This statement reads like many others in the field of digital media and learning. Yet surprisingly, it was made during a speech yesterday by Michael Gove, currently the British government secretary of state for education (the most important political position in British education). The otherwise highly conservative British government, it seems, has gone smart mobbing with the crowd for its latest curriculum ideas in a post-bureaucratic age of open source, mashable policies.

The speech has wider relevance for digital media and learning. It presents a buoyant and optimistic vision of an increasingly free and autonomous curriculum environment, one where teachers will have the authority to make curriculum decisions that have been out of their hands for decades; to work creatively to produce curricula for themselves; to share materials collegiately.
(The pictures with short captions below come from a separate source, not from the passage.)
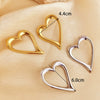 Wholesale Metal Earrings Stainless Steel Geometric Heart Style Electroplating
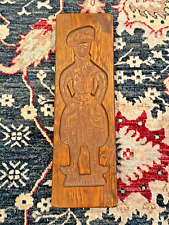 Antique 1800s Wooden Hand Carved Springerle Cookie Board Press Stamp of Baker picture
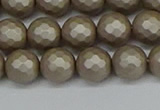 CSB1903 15.5 inches 10mm faceted round matte shell pearl beads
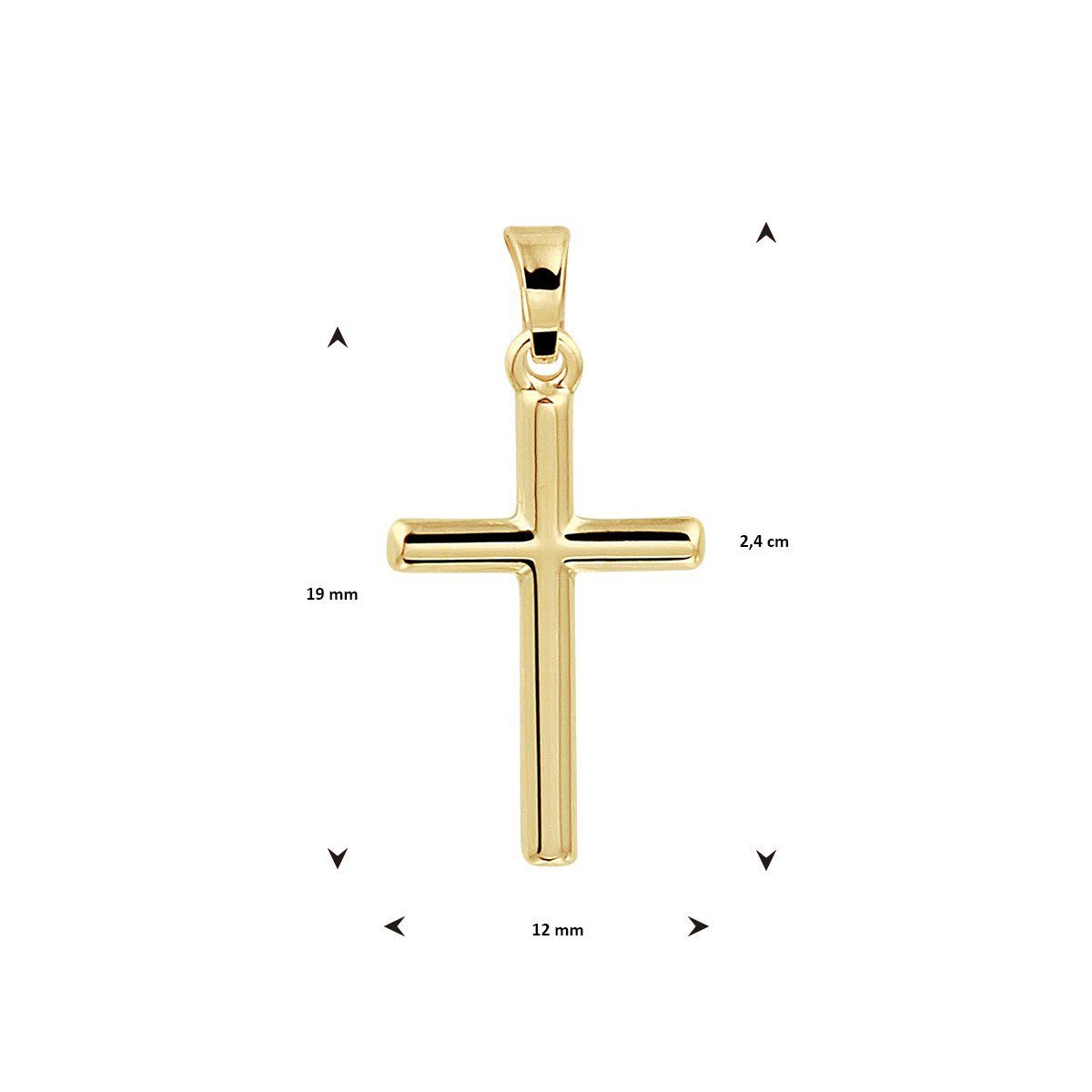 NICEANDnoble Kettenanhänger 585er Gelbgold Kettenanhänger Kreuz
It draws on current examples of innovative digital media practices in schools in America, Singapore and Britain, and links together projects from MIT, Facebook, the Stanford Research Institute and the videogames industry into a political argument for educational reform.

As a practical example, as of September 2012, according to the speech, the official ICT curriculum in English schools is to be abandoned and instead “all schools will be free to use the amazing resources that already exist on the web,” while “universities, businesses and others will have the opportunity to devise new courses and exams.” The speech comes backed with a £2million investment in R&D in digital education and suggests a more creative and exciting vision for schools where learners will be able to use tools such as MIT’s Scratch, utilize videogames to develop complex skills, build their own “social apps,” and make use of systems that provide personalized immediate feedback.

The School is Flat

These pronouncements seem to confirm the potential of digital media that Cathy Davidson and David Goldberg have referred to in The Future of Learning Institutions in the Digital Age as a horizontally structured and dispersed field of peer-to-peer networked learning and decentered pedagogy. Instead of a centralized curriculum that is largely defined by state textbook adoption policies and commercial publisher agreements, a flattened out networked curriculum would be deeply interwoven into the fabric of open source culture and a many-to-multitudes model of equitable intellectual exchange.

The neologism wikirriculum accurately captures the connected, hybrid nature of this kind of curriculum ideal. In the wiki ideal of creative curricular collaboration, it seems that the curriculum is being opened up to a massive process of remixing and mashing up by active and creative teachers. The implication here is that schools, and the formal educational policies which mandate what they are supposed to do, are being repositioned to look and act more like open source institutions.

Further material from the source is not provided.